Critical issues that would determine the VAT's impact on the treasury and on consumers include the tax rate and the possible exemption of some vital goods to lessen the effect on the poor. Both would be tricky issues rife with opportunities for political manipulation.
Proponents cited by the Post said a 10-14 percent VAT would raise enough money to exempt those earning less than $100,000 from the income tax. A VAT of 25 percent would allow the income tax rates of the remaining taxpayers to be reduced, but not eliminated.
Both statements are probably optimistic, if for no other reason because once Congress taps into such a rich source of funding it will find additional needs to fill and spend more and more. An initial rate of 10 percent could quickly become 15 percent, 25 percent or more. We would be surprised if many saw their income tax burden decline.

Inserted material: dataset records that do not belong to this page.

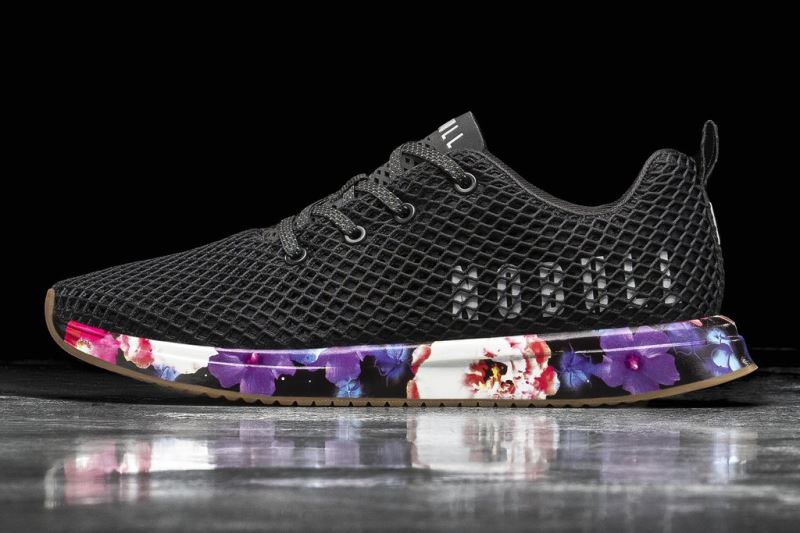 Nobull Space Floral Mesh Women's Running Shoes Black | 64795AZMV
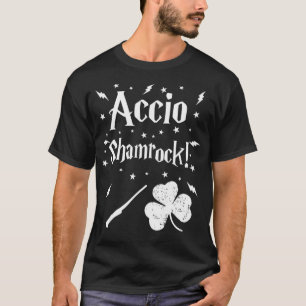 Accio Shamrock Magic Wand Irish Ireland St Patrick T-Shirt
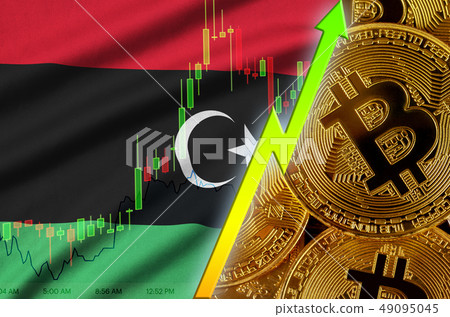 Libya flag and cryptocurrency growing trend with 49095045
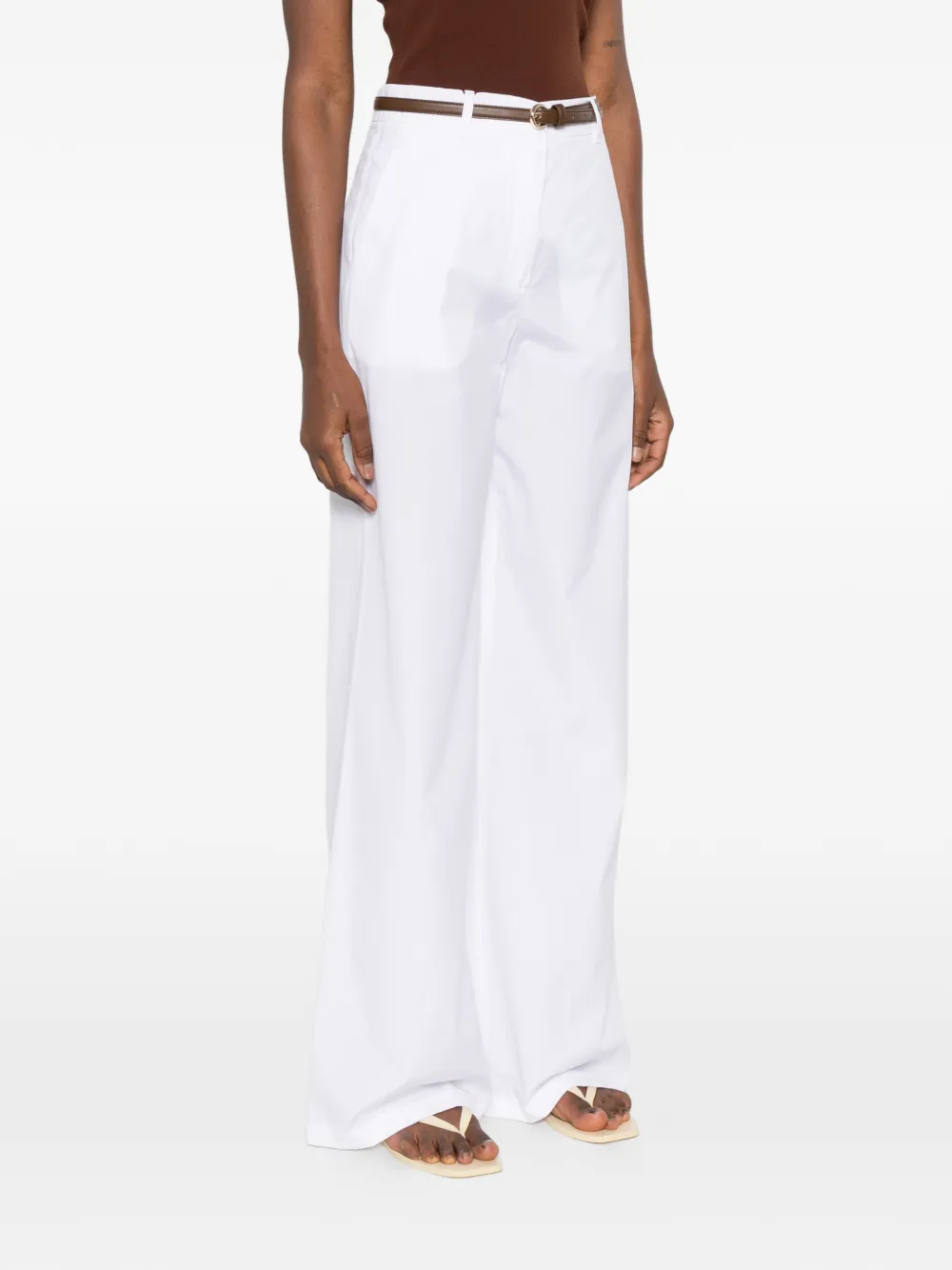 Max Mara Broek met ceintuur Wit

A VAT would add more than just a financial burden on those who sell products or provide services. It would make every seller a tax collector. The farmer selling hay would have to record the transaction and collect the tax for the Internal Revenue Service. We can't imagine the bureaucracy that would be required.
On its face, a VAT would hit farmers particularly hard. The already hefty cost of inputs would be increased by the cost of the tax. Farmers, who have fewer opportunities than manufacturers and retailers to increase the price of their products, would be unable to pass these additional costs on to their customers.
We think a re-evaluation of the country's finance system is probably overdue. Such a review, however, shouldn't begin with a premise that spending must be unlimited in scope and purpose. If spending could be brought under control, perhaps a VAT could be used to offset other taxes in a new, comprehensive system.
Until then, a value-added tax is too dangerous a weapon to be wielded by the current administration and Congress.